#### What to do
Take the lines below between the one holding "bokomslag Reptiles of All Kinds ?" and the one holding "Barbour Kadın Ceket Lwx0534ny92 Çok Renkli", inclusive, and copy them exactly. Add nothing.

#### Data records
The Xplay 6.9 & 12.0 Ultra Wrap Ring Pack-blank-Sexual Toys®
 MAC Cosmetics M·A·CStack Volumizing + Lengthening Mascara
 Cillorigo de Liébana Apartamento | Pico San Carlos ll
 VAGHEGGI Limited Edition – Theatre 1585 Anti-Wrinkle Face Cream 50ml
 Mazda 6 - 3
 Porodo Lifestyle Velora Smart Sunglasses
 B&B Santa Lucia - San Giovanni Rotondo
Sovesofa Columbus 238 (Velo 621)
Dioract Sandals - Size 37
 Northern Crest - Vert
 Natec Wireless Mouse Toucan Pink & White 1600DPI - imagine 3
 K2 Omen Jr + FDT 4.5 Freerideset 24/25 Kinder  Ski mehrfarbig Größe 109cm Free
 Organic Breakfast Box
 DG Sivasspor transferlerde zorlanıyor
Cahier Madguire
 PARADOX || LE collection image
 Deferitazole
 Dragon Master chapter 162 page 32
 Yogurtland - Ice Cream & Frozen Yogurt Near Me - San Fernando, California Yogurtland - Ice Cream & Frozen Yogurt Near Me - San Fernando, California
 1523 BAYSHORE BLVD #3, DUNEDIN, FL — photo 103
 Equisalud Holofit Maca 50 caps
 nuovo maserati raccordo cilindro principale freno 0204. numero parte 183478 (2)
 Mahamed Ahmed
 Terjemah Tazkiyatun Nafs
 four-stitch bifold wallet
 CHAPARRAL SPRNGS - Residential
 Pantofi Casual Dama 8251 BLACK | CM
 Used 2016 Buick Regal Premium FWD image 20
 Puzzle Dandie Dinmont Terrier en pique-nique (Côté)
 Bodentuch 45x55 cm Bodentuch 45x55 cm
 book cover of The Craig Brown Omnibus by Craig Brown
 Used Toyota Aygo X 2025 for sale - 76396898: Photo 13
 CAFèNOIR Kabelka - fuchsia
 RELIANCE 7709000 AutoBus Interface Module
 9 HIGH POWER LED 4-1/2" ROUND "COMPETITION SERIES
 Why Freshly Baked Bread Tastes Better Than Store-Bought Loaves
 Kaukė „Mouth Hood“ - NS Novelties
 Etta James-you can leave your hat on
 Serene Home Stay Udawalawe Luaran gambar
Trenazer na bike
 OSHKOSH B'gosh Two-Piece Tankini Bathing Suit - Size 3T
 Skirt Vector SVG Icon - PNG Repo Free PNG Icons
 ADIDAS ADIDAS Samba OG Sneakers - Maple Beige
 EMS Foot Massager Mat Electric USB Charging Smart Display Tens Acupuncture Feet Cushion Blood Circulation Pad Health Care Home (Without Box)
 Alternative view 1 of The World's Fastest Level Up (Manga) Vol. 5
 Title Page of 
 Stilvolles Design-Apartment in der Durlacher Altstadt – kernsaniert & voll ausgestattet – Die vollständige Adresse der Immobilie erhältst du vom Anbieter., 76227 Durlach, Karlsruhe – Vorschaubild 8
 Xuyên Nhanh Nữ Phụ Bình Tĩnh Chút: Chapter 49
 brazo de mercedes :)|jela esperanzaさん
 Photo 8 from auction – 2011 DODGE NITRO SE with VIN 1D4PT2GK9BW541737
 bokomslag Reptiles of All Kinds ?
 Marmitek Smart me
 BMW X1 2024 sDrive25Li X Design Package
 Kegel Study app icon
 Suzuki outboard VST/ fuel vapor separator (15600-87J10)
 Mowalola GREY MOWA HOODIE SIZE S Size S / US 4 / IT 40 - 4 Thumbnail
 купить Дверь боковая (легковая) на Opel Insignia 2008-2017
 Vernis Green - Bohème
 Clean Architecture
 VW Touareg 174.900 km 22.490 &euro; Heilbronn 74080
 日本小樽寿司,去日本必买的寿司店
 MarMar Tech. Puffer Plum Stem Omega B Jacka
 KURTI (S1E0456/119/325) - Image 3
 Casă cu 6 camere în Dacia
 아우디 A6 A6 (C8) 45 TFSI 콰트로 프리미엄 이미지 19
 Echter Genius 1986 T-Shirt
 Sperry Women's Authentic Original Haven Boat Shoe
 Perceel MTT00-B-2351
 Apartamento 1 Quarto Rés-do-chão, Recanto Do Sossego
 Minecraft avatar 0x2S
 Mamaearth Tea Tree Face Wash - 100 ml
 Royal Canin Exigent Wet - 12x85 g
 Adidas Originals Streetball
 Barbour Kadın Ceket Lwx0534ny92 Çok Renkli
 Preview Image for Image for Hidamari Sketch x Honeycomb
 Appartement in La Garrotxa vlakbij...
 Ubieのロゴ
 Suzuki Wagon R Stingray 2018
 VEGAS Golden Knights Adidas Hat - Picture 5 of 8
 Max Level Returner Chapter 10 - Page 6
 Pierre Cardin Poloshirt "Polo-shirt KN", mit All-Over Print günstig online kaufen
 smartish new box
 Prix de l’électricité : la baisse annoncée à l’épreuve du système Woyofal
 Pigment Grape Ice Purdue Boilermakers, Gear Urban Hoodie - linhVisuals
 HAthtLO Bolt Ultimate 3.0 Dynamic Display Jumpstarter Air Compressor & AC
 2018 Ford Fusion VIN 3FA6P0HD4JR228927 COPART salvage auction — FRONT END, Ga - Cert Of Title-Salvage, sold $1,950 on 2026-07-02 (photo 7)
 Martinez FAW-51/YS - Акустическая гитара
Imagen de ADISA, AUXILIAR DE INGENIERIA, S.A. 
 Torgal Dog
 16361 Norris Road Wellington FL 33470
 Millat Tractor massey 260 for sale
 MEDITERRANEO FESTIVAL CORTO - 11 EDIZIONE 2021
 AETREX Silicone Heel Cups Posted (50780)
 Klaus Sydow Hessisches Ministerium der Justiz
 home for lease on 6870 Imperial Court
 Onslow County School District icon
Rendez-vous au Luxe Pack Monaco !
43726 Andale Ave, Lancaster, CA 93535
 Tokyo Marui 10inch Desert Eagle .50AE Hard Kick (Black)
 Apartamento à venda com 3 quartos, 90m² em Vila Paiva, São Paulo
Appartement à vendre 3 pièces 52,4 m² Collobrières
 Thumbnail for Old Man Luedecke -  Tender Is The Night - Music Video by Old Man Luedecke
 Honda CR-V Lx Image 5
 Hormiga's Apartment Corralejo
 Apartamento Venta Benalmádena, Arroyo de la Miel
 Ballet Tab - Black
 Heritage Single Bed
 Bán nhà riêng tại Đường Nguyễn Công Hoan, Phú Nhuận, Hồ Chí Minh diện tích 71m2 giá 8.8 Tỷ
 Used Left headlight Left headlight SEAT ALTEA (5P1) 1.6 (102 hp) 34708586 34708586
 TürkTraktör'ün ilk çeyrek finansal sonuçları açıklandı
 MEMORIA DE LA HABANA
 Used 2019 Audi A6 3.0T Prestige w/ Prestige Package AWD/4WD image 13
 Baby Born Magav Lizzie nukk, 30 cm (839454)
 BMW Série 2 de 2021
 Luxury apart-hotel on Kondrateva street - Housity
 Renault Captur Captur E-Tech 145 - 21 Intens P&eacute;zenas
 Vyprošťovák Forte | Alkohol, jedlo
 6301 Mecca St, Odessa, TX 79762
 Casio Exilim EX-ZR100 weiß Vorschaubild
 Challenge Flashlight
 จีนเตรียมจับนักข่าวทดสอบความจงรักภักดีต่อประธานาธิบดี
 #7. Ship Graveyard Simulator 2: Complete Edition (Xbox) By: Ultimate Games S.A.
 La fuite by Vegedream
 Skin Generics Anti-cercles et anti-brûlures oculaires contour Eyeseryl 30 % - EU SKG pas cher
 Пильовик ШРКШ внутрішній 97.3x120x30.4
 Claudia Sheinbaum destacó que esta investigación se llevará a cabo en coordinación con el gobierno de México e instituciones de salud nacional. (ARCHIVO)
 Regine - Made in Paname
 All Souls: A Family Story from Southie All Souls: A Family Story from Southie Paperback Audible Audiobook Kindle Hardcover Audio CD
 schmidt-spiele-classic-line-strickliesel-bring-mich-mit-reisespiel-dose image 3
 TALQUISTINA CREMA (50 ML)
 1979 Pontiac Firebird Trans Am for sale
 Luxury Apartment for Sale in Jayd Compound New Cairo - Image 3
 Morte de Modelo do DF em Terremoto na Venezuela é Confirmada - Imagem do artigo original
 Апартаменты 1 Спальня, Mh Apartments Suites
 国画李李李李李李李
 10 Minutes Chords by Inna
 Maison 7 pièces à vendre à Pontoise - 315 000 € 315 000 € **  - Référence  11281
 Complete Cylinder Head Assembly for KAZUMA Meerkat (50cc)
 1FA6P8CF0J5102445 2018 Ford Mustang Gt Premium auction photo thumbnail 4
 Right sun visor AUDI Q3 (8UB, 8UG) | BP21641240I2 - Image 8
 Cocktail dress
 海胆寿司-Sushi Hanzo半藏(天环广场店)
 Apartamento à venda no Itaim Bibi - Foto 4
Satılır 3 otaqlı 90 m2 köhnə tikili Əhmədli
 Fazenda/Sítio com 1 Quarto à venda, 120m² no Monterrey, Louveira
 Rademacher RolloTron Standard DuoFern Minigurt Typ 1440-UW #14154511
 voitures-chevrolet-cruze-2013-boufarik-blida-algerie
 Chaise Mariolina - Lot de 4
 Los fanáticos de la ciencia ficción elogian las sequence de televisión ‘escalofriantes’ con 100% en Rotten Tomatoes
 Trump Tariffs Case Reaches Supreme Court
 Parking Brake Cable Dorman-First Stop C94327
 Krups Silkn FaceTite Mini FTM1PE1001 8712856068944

#### Solution for this exercise
 bokomslag Reptiles of All Kinds ?
 Marmitek Smart me
 BMW X1 2024 sDrive25Li X Design Package
 Kegel Study app icon
 Suzuki outboard VST/ fuel vapor separator (15600-87J10)
 Mowalola GREY MOWA HOODIE SIZE S Size S / US 4 / IT 40 - 4 Thumbnail
 купить Дверь боковая (легковая) на Opel Insignia 2008-2017
 Vernis Green - Bohème
 Clean Architecture
 VW Touareg 174.900 km 22.490 &euro; Heilbronn 74080
 日本小樽寿司,去日本必买的寿司店
 MarMar Tech. Puffer Plum Stem Omega B Jacka
 KURTI (S1E0456/119/325) - Image 3
 Casă cu 6 camere în Dacia
 아우디 A6 A6 (C8) 45 TFSI 콰트로 프리미엄 이미지 19
 Echter Genius 1986 T-Shirt
 Sperry Women's Authentic Original Haven Boat Shoe
 Perceel MTT00-B-2351
 Apartamento 1 Quarto Rés-do-chão, Recanto Do Sossego
 Minecraft avatar 0x2S
 Mamaearth Tea Tree Face Wash - 100 ml
 Royal Canin Exigent Wet - 12x85 g
 Adidas Originals Streetball
 Barbour Kadın Ceket Lwx0534ny92 Çok Renkli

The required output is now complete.